Thrifting is another great option and is probably the most common one that people run into when trying to shop sustainably. Things like thrifting and upcycling are good because they are focused on reusing items instead of throwing them away. If you don’t want to go far, The Free Store on campus is a great place to get used items and clothes for cheap or free. It is also a great place to learn about other sustainable shopping options.

“Other than existing as a space for students to get things second-hand rather than buying new, we try to exist as an educational space for students to learn about slow fashion as an idea and as a practice. For instance, we do workshops on mending and altering clothes to deter people from throwing things away when they no longer fit or tear or whatever,” Atchley said. 
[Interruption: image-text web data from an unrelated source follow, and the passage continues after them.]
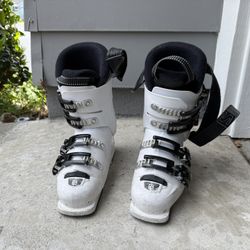 Salomon Ski Boots Size 22.5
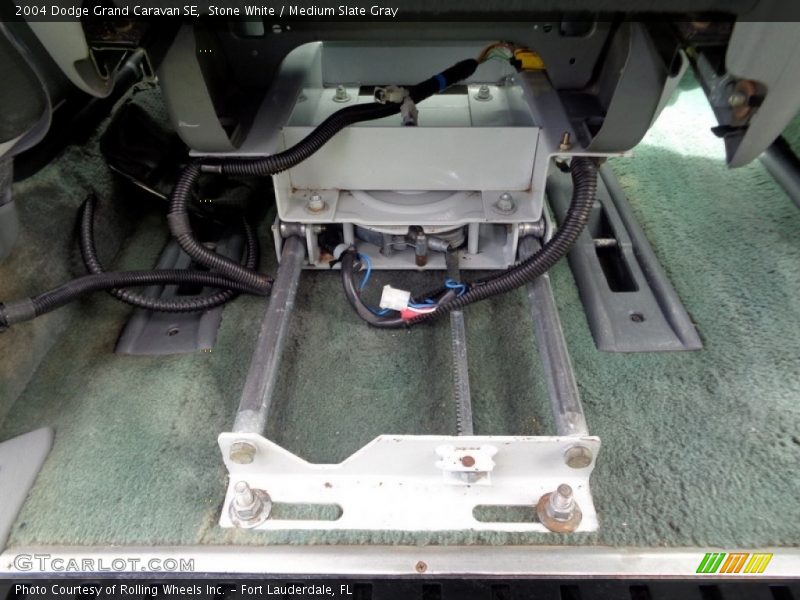 Stone White / Medium Slate Gray 2004 Dodge Grand Caravan SE
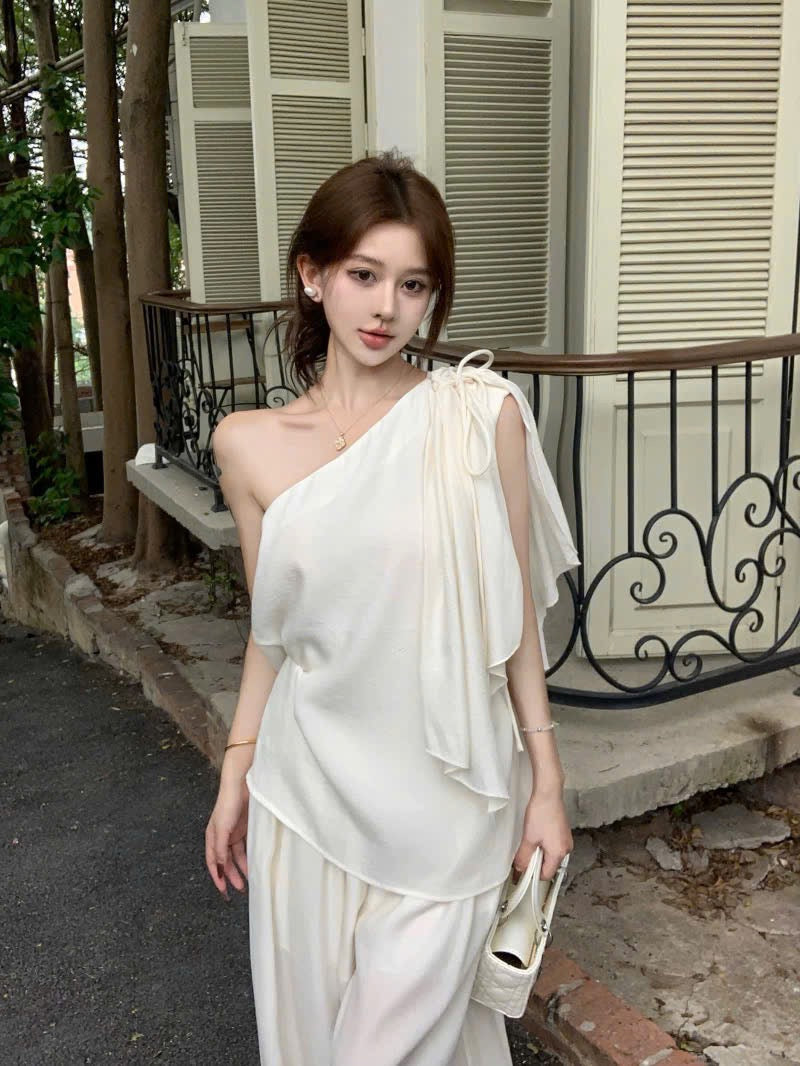 Set áo lệch vai mix quần ống rộng trắng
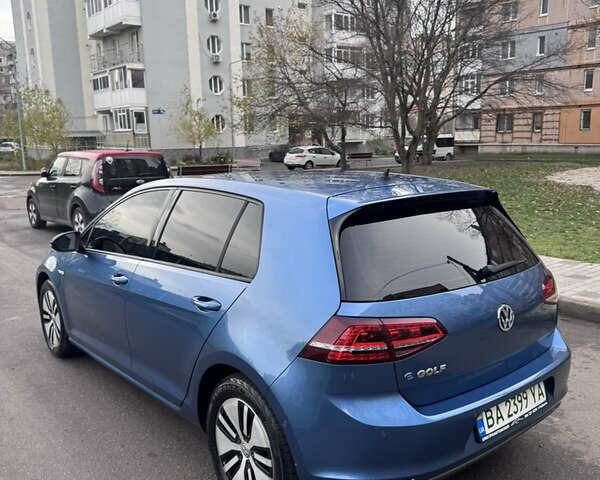 Синий Фольксваген e-Golf, объемом двигателя 0 л и пробегом 99 тыс. км за 9500 $, фото 14 на Automoto.ua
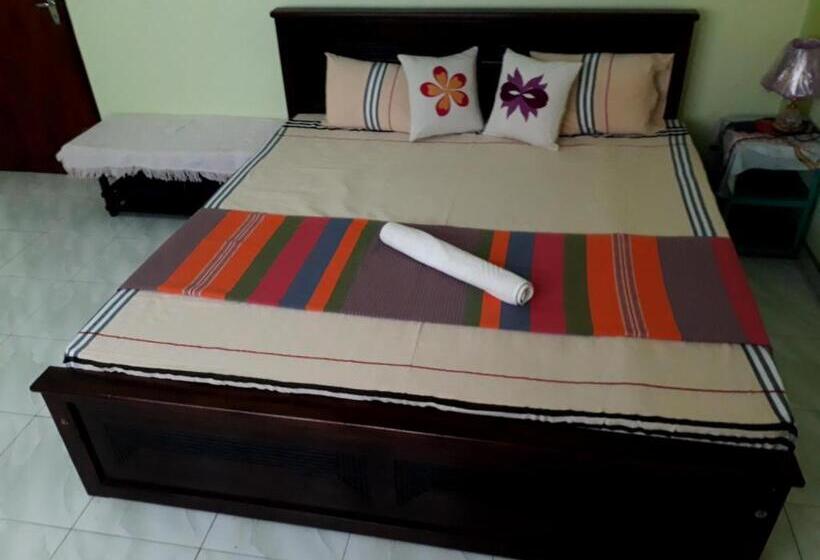 标准房带园景, Nisala Villa Midigama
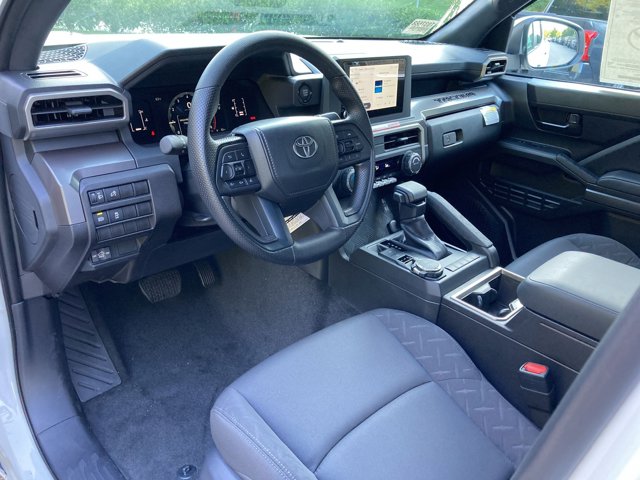 Vehicle image 10 of 33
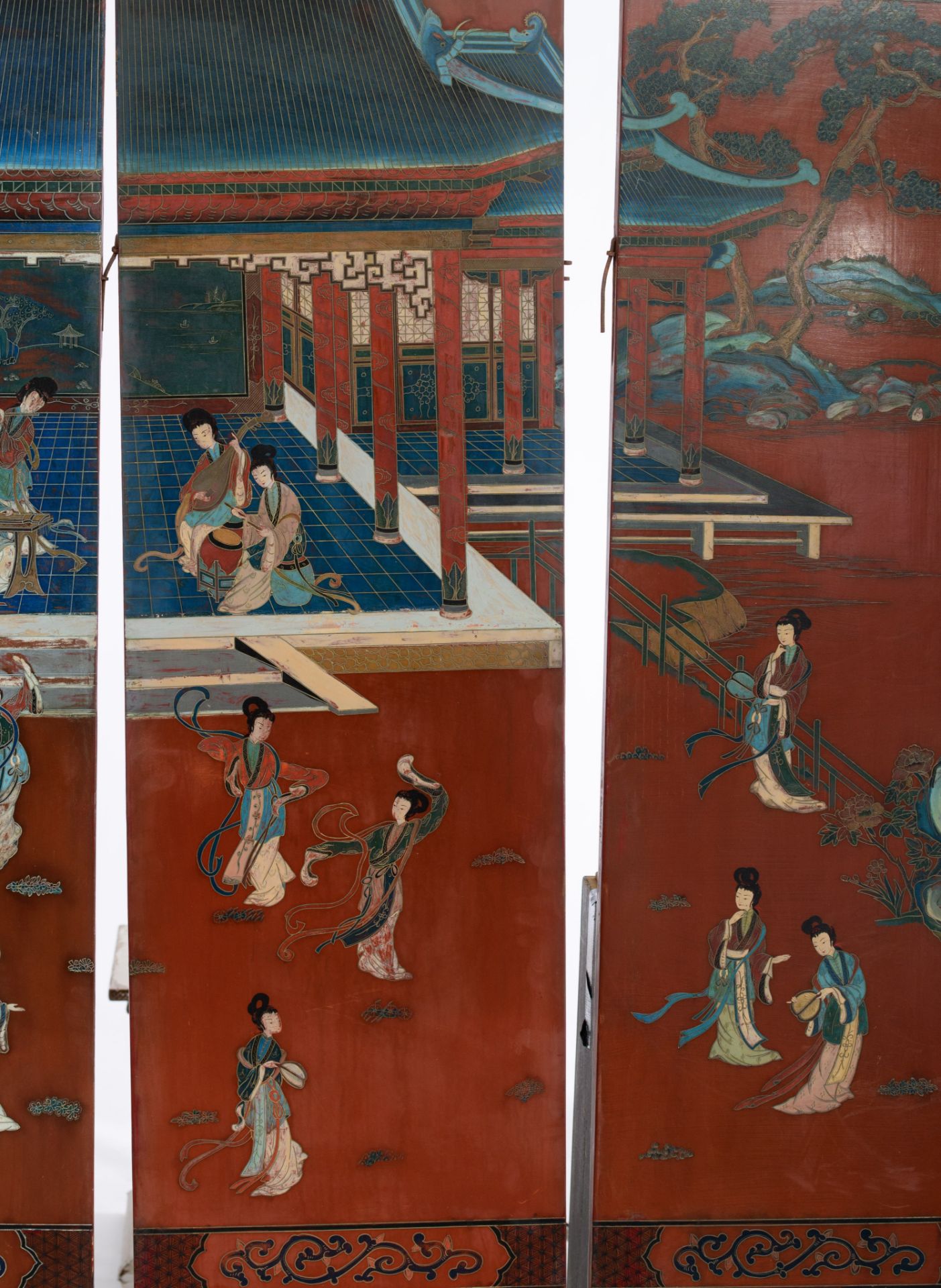 A Chinese six-fold lacquered chamber screen, late 19thC/20thC, Dimensions of one panel 183,3 x 40,5 - Image 5 of 7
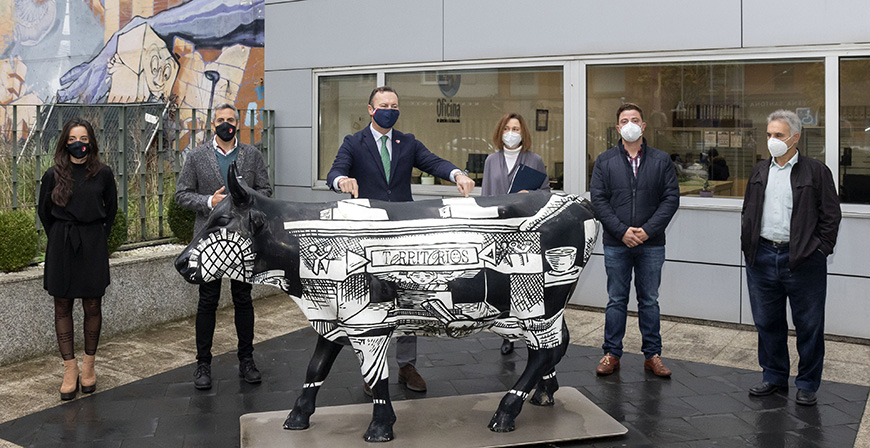 El Gobierno se une a la Asociacin de Artesanos de Leche de Pasto para impulsarla en Cantabria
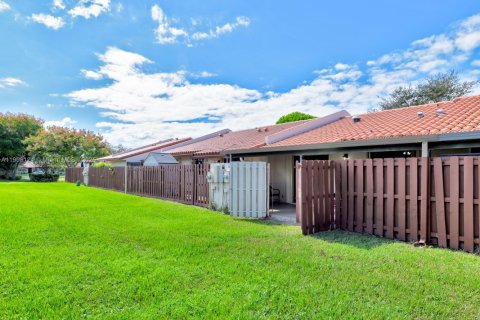 Touwnhouse à vendre à Cooper City, Floride: 2 chambres, 110.37 m2 № 1965082 - photo 25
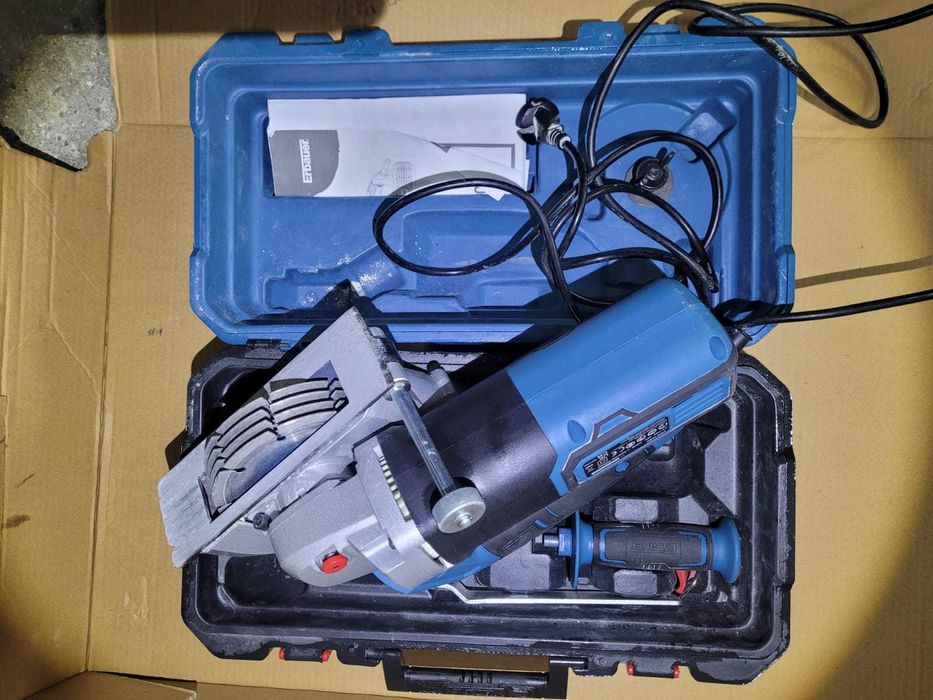 Debitor canale Erbauer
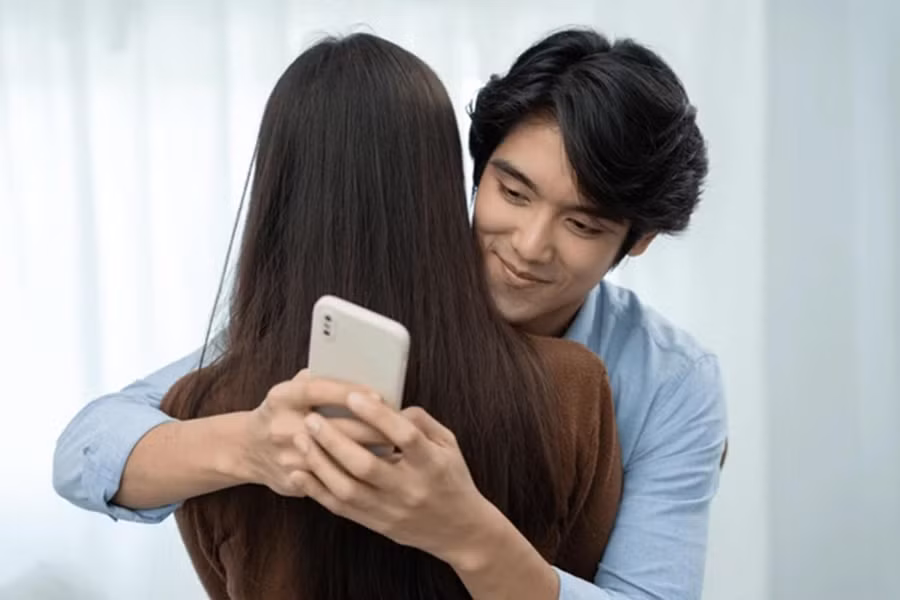 2. Nguoi bi phan boi co the trai qua.jpg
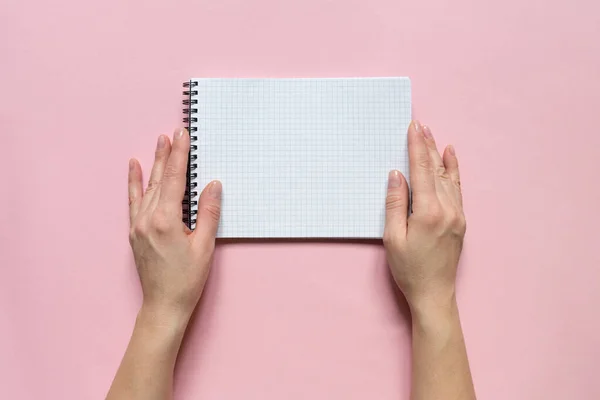 Weibliche Hände Die Ein Notizbuch Mit Leeren Blättern Zum Schreiben — Stockfoto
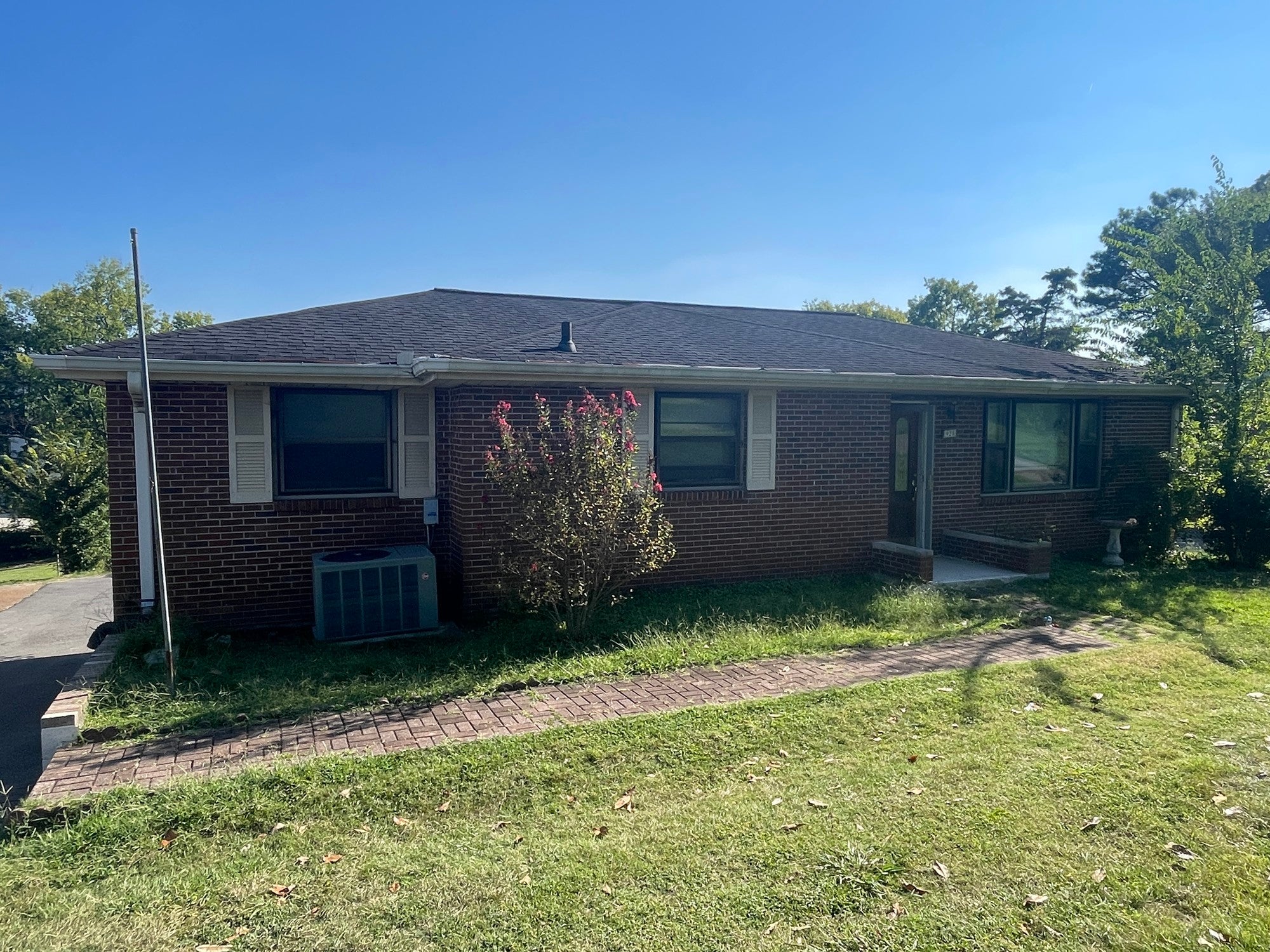 925 Allen Rd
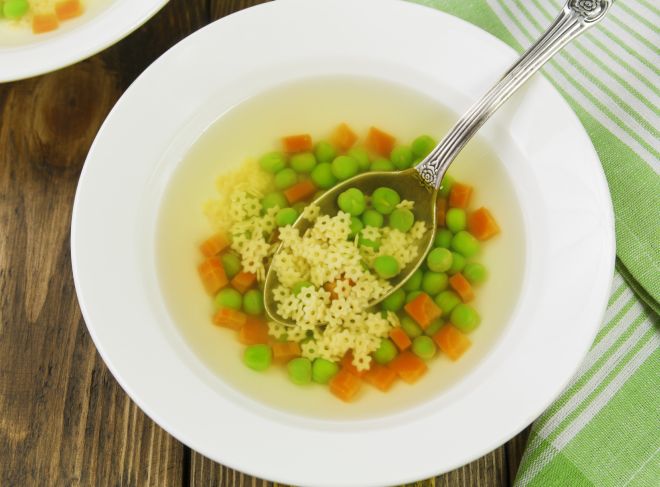 svezzamento-7-mesi-stelline-in-brodo-con-verdure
You can also utilize ThredUp which is an online thrift store, and there are plenty of local shops like Bin Lucky or Community Chest. The Knoxville Vintage Market is another great outlet. There are plenty of resources nearby for you to start the process of thrifting, and it is okay to be nervous when starting. 

“When you show up at a thrift shop it is so daunting, but take your time, go slow and look through literally every single section even if it doesn’t look like something you would be interested in. All of my best finds have been from spots in the store that I didn’t think I would like. Get yourself a cute little coffee, bring headphones and dig,” Sydnee Edmonds, a senior history major with a minor in political science, said. 

Even if thrifting is not your speed, you can exercise your creative side. Textile crafts like knitting, sewing or crochet are good ways to be sustainable while being crafty because you can make your own clothes. In addition, the materials for these hobbies can be found second-hand as well or for cheap in different stores, and don’t be afraid to start if you’ve never tried it before. 

There are loads of videos on YouTube and different resources on campus that will help. For example, the Free Store, as stated before, and The Fashion Society both do workshops. The Fashion Society in particular hosts sewing workshops, crochet workshops, and clothes trading events. 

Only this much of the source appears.